Renesys continues to provide updates on the situation.
While it seems likely that the shutdown originates with the government—which controls the country's Internet backbone—Reuters reports that Syria's Minister of Information has claimed that "terrorists" are responsible for the outage, and that government engineers were working to repair the networks. The Syrian government has consistently blamed the ongoing uprising on terrorist networks.
Telecomix is sharing the following information for dialup connections, though some are reporting that landlines are also down. Dialup users should keep in mind that these connections are not secure, especially in light of the Syrian government's widespread surveillance of cell phone, satellite phone, landline, and Internet traffic.

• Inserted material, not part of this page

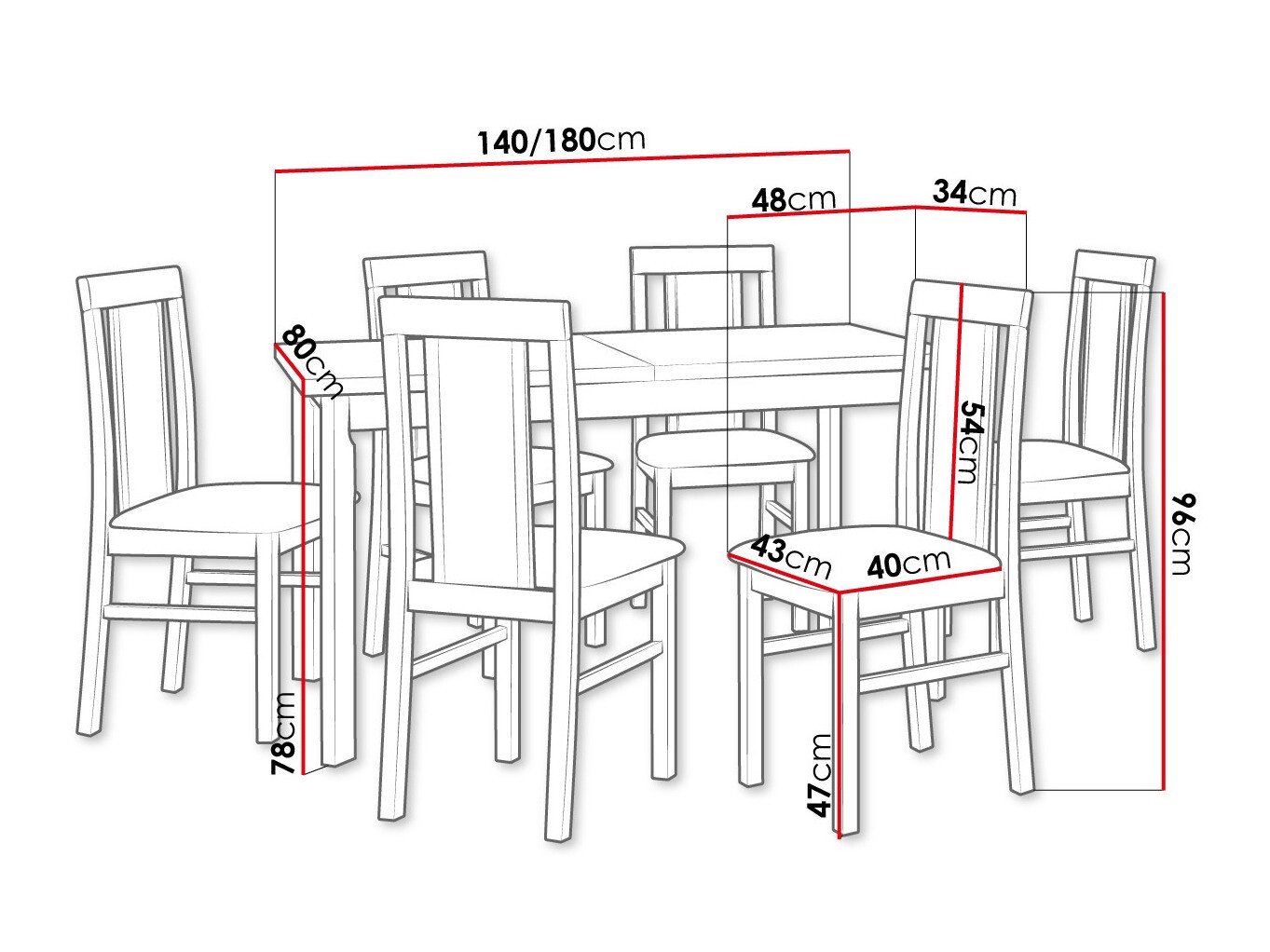 Salle à manger complète Victorville 315 (Blanc)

Dialup numbers provided by Telecomix:
+46850009990 +492317299993 +4953160941030, User:telecomix, Password:telecomix
+33172890150, User:toto, Password:toto
Syria's Internet shutdown underscores the continuing threat that governments pose to an open Internet, especially in countries where the government has direct control over the backbone. EFF is deeply concerned by this attack on the free speech and communications rights of all Syrian citizens. We will continue to monitor the situation closely and report as is develops.